___ Data records ___

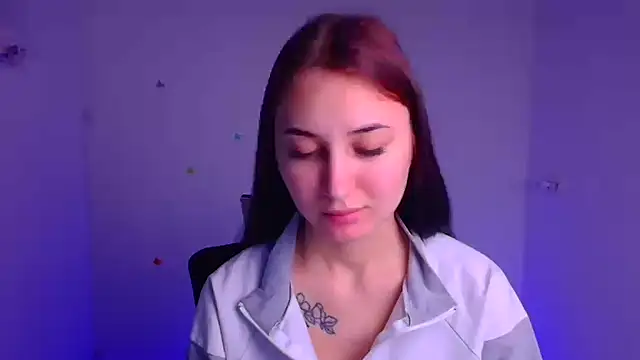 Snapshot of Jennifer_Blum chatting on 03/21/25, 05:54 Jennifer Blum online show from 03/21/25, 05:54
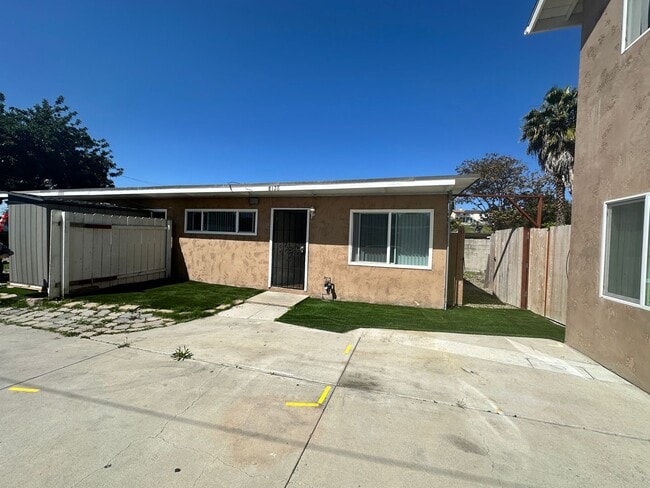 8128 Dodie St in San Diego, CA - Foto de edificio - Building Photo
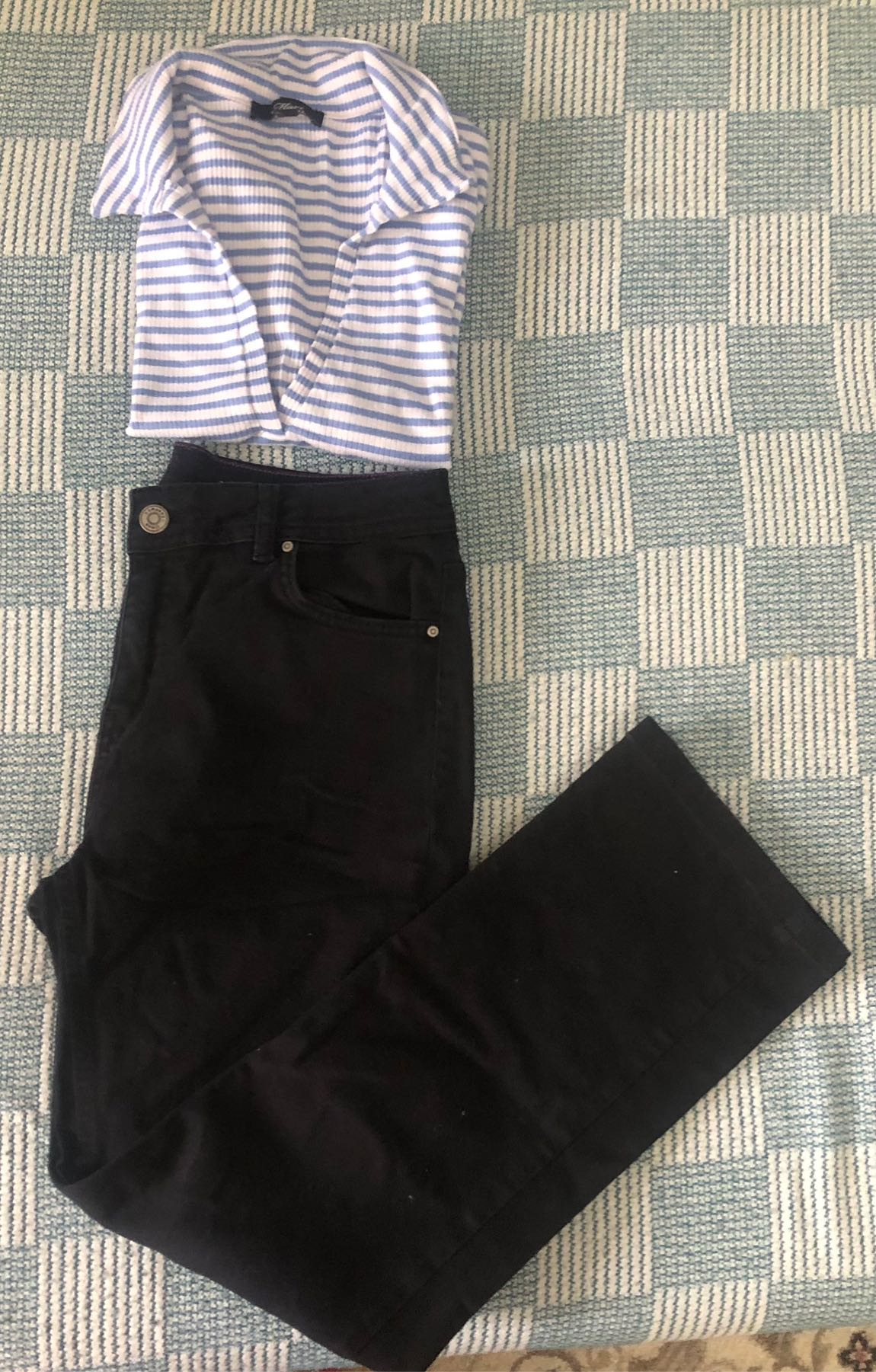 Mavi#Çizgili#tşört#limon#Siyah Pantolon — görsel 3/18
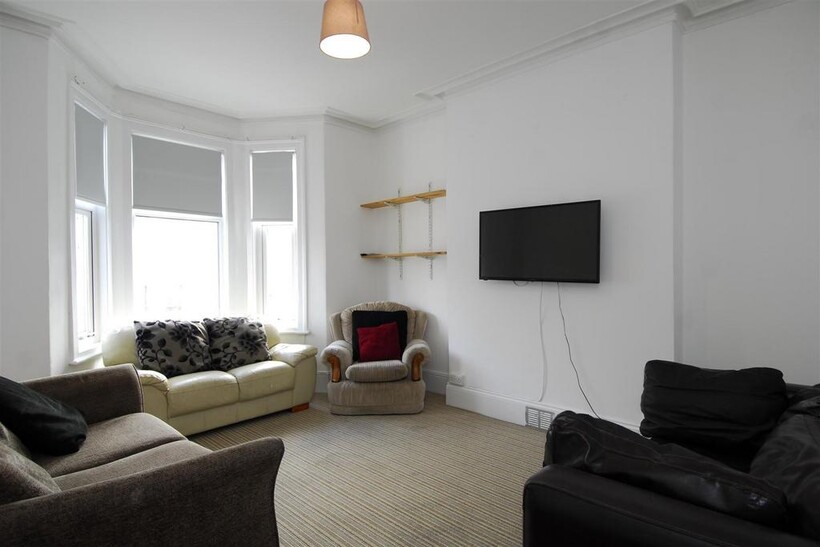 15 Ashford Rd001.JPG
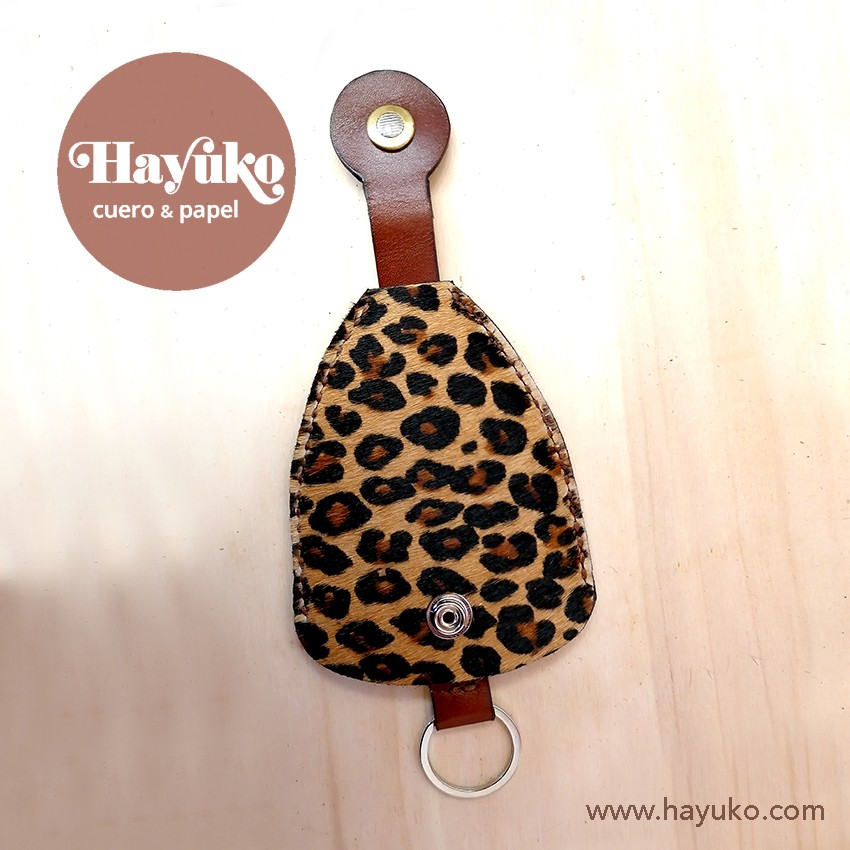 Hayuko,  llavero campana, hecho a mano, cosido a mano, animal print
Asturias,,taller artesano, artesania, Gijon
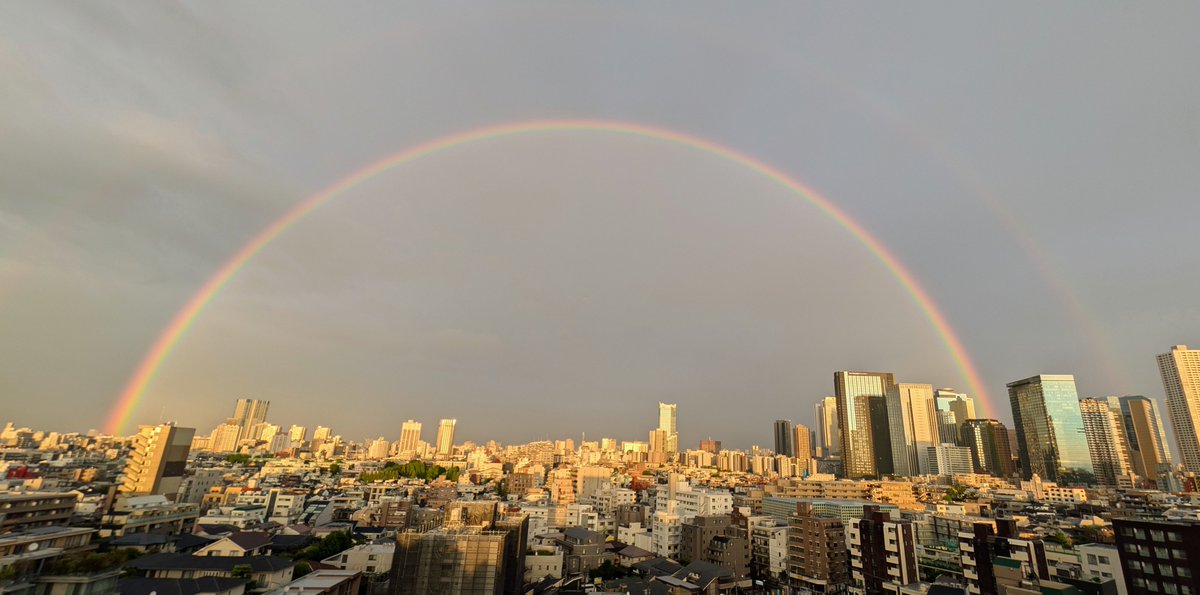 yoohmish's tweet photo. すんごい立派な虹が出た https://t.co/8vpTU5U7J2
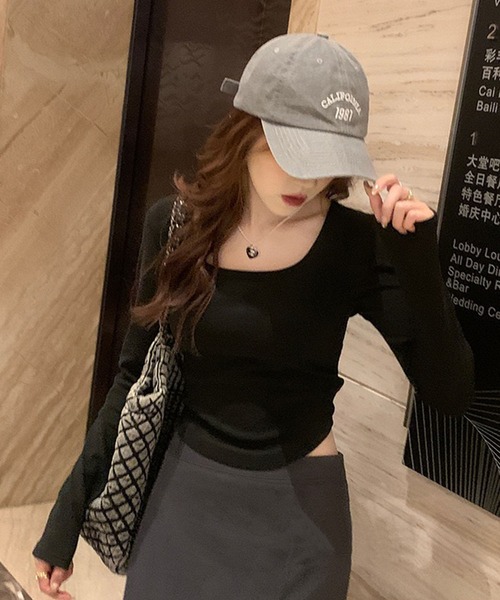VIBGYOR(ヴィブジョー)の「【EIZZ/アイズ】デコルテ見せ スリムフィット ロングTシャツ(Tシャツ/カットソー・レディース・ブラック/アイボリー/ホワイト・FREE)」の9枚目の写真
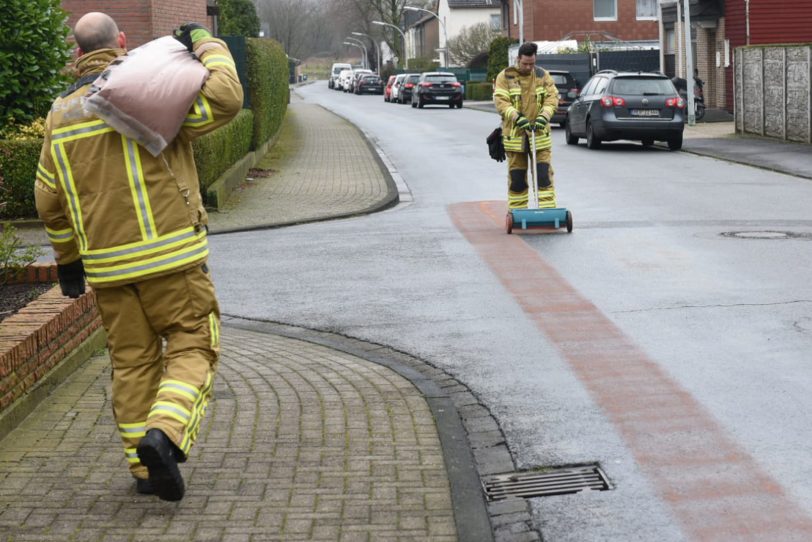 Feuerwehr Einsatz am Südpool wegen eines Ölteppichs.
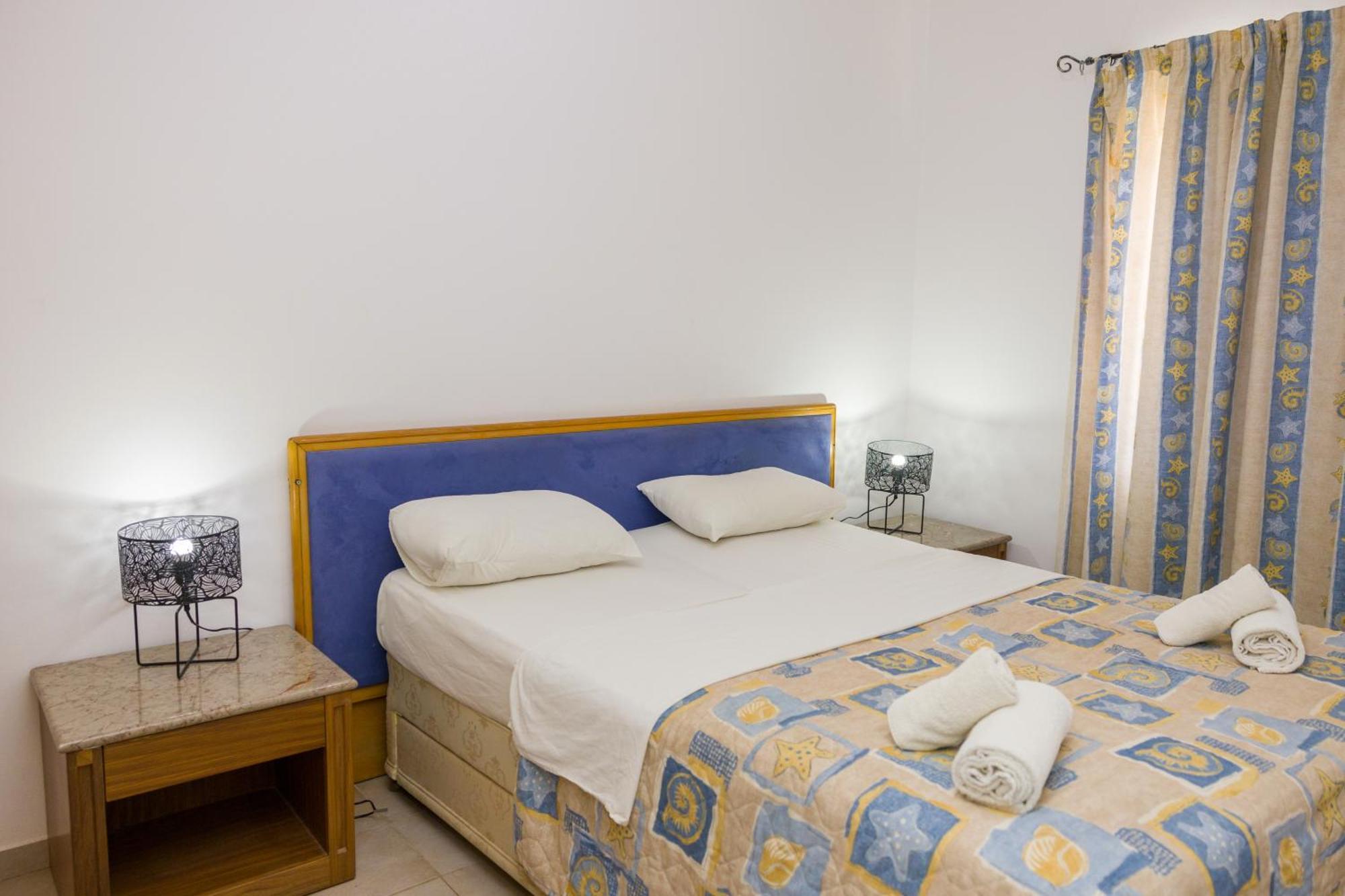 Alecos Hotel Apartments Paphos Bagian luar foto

___

▸ **Task goal**
From the data above, return exactly the lines from the one with "8128 Dodie St" up to and including the one with "yoohmish's tweet photo.". Pictures do not go in the copy.

▸ **Answer to this task**
 8128 Dodie St in San Diego, CA - Foto de edificio - Building Photo
 Mavi#Çizgili#tşört#limon#Siyah Pantolon — görsel 3/18
 15 Ashford Rd001.JPG
 Hayuko,  llavero campana, hecho a mano, cosido a mano, animal print
Asturias,,taller artesano, artesania, Gijon
 yoohmish's tweet photo. すんごい立派な虹が出た https://t.co/8vpTU5U7J2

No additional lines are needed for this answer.